Sessions that may be of interest
Here are a number of search links to show you some subjects that are related to security, privacy, Internet of Things and Artificial Intelligence:
- Security related talks
- Privacy related talks
- Internet of Things (IoT) related talks
- Artificial Intelligence (AI) related talks.
Artificial Intelligence in particular needs to be developed responsibly as there is vast opportunity to invade peoples privacy and through biased data sets make decisions that are exclusive rather than inclusive/fair.
Some other sessions that may be of interest, although these are likely to be technical in nature, are:
- Designing AI Responsibly
- How to build enterprise ready ML: Privacy and Security best practices, in the cloud and on the edge
- Azure Sphere: Securely unlocking IoT for your Enterprise.
Internet of Things (IoT) and Azure Sphere
Azure Sphere is an interesting concept and not something I have come across to date from other IoT vendors. Azure Sphere (previously announced in 2018) incorporates:
- An embedded microcontroller
- Linux based custom embedded OS
- Cloud security through Microsoft Azure
- Secure updates of the core components for the life of the device.
There are some improvements coming for Azure Sphere. I recommend you visit the Azure Sphere website to find out more. In time this is how IoT will be done, while at the moment IoT is largely implemented in an insecure way (I will be writing about this in more detail in a future blog).
There was also a talk on what they are calling homomorphic encryption. Let me explain what this is about. We all know about:
- Encryption at rest where files are stored in an encrypted state and only the person with the decryption keys can view the contents
- Encryption in transit where we largely use https encrypted protocols to transfer data between end points.
What homomorphic encryption is about is the ability to process data without decrypting it, which is a major leap forward in privacy since the processor won’t have to decrypt the data to process it.
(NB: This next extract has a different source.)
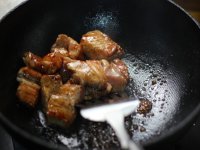 菠萝黑米汁烧肉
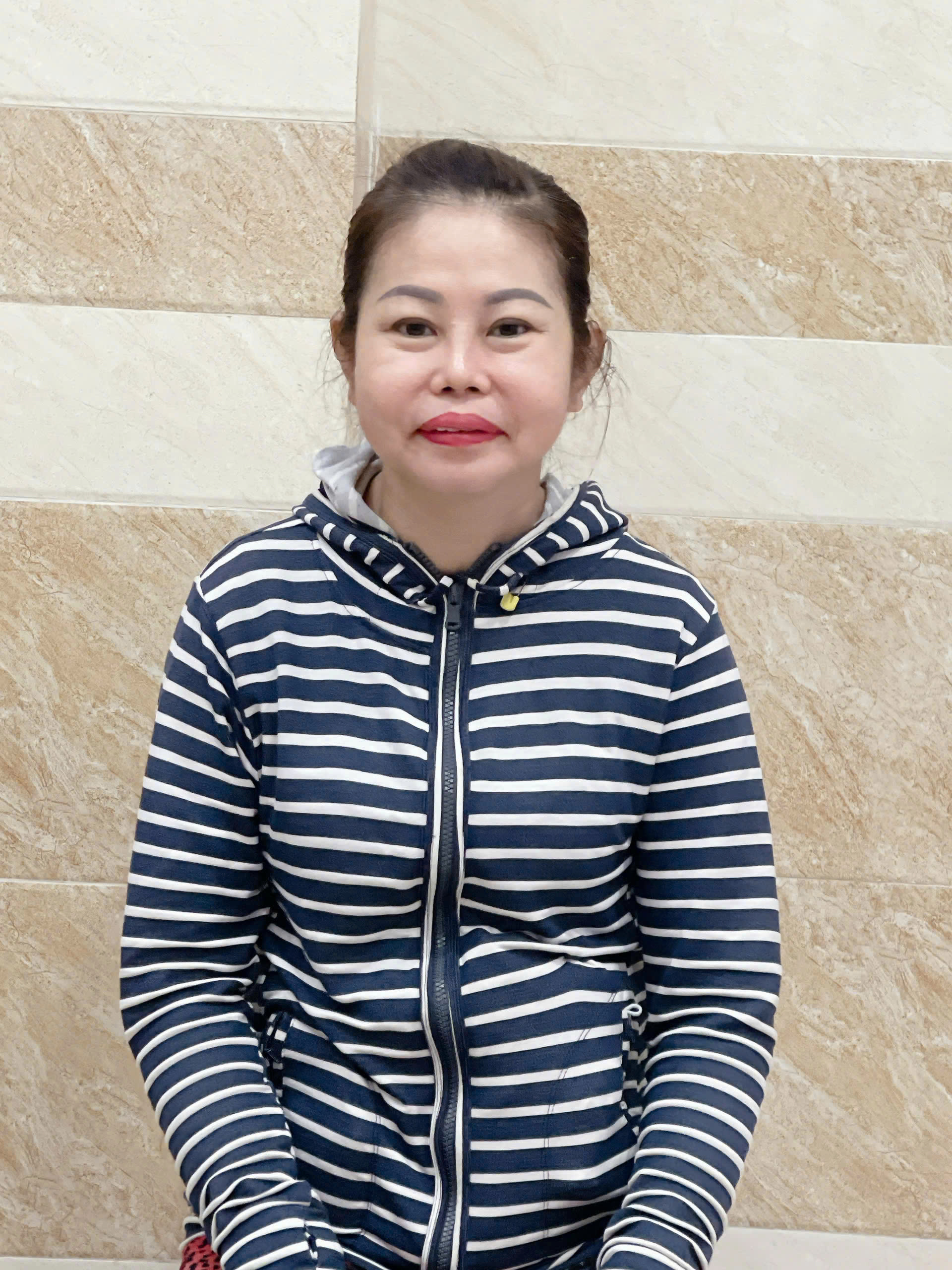 Chị Đẹp Em 1978 Quê quán Vĩnh Long cần tìm giúp việc gia đình, Chăm người già, Tết ở lại.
This is still a research project, so not available for mainstream yet, but still a significant breakthrough. The first 15 minutes of the talk is general information, while the rest is exploring the development API’s and is more technical.
You can also look at some of the following additional keynote replays. These sessions are more technical in nature, so be warned there might be some developer-speak in them. I am still going through these, and once I have completed my thoughts on these subjects I will updated this blog (might not be for another 7 days due to my weekday commitments).
- Microsoft Azure Keynote for the detailed announcements around Microsoft’s Cloud services
- Microsoft 365 Keynote for the detailed announcements around Windows 10, Microsoft office and management software.
The links to the sessions above are n longer active. Asa result we have removed the direct links to the sessions.